America has gone through dramatic changes in the last century, but our education system has failed to keep up. One educator outlines eight steps we need to take to combat the crisis in our public school system.

America has gone through dramatic changes in its 219 years. Our economy has moved from agriculture to mass production; and now we are in an information- and knowledge-based environment that requires greater educational levels for success.

Yet the school model has changed very little. Our school year is still based on the agrarian model that allows our students to leave school for the spring planting and the summer and fall harvesting. Our schools are organized on the industrial top-down management model that was created to train people for low-skilled jobs through rote learning and individual skill-building in a time-structured and tightly disciplined environment.

True, our school buildings have changed. Some are even air-conditioned. Green boards have replaced the black slate of old. Yet in many classrooms, students still sit in straight rows. Teachers stand in front of the room, giving the perception that they have all the answers, using chalk-and-talk methods to pour knowledge into the seemingly empty heads of their students.

On the economic side, America cannot compete against low-wage, low-skill countries (see diagram on page 23). And if we are to compete against countries with advanced economies, we must do so with a highly skilled workforce. Unfortunately, our schools have failed to keep pace with the changing demands of the global marketplace and have become a drag on national productivity.

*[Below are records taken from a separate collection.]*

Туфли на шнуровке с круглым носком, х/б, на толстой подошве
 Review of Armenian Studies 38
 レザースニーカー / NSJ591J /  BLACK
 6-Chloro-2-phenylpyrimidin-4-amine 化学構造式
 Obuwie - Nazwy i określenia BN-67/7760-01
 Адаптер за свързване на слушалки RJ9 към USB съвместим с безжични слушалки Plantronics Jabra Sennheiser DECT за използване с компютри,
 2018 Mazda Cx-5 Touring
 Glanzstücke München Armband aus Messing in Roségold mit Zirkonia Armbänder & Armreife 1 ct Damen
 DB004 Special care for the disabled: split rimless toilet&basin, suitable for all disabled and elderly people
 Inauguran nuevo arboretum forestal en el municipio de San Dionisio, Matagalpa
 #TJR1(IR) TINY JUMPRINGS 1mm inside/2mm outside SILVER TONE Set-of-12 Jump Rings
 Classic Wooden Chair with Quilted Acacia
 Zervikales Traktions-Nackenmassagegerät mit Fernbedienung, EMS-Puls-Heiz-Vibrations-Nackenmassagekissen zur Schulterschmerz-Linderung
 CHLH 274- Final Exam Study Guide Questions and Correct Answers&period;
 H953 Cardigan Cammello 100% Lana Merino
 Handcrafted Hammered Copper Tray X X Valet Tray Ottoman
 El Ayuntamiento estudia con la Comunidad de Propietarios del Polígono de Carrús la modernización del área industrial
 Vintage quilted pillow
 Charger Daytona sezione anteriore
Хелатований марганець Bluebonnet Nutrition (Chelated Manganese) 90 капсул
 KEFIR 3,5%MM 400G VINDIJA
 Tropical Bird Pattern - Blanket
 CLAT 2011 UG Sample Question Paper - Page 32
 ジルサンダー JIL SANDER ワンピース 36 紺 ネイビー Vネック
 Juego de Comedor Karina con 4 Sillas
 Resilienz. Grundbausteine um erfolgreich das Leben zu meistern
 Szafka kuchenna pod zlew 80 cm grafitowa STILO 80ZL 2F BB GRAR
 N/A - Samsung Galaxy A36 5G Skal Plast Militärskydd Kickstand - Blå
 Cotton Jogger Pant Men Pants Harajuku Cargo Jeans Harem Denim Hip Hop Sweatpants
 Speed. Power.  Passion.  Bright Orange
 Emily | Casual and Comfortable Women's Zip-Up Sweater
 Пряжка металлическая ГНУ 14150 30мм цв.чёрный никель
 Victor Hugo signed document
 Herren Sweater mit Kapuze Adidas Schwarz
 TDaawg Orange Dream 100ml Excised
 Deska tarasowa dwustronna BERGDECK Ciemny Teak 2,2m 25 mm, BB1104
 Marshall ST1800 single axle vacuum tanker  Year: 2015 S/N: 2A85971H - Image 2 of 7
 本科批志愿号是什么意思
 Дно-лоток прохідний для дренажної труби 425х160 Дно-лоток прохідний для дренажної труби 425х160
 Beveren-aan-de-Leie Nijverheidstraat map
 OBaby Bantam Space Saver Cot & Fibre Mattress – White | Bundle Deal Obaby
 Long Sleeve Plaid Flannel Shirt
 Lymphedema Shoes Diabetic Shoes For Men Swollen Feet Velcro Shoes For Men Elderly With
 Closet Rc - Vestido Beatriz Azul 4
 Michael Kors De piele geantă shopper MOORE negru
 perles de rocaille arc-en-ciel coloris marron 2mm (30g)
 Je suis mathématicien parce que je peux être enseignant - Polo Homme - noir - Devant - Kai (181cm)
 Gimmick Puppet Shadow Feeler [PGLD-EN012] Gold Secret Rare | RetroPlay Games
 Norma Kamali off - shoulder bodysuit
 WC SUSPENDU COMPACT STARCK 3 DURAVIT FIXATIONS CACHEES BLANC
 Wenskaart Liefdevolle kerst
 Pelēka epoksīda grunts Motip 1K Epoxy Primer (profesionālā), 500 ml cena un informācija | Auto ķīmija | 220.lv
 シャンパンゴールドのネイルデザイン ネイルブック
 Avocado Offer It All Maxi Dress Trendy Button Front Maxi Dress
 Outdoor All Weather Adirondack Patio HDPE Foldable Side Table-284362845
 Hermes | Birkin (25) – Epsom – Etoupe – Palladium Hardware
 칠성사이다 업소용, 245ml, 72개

Some people believe that if we devote enough energy and resources to the problem, we will halt the decline of education. This assumes that pouring more money at a process that is faulty will somehow erase its faults. Experience suggests otherwise. After all, after 10 years of educational reform and $60 billion in new expenditures, standardized test scores are stagnant and dropout rates are climbing. Clearly, the "more-longer-harder" strategy-- lengthening the school year, extending the school day and making students and teachers work harder--is not working.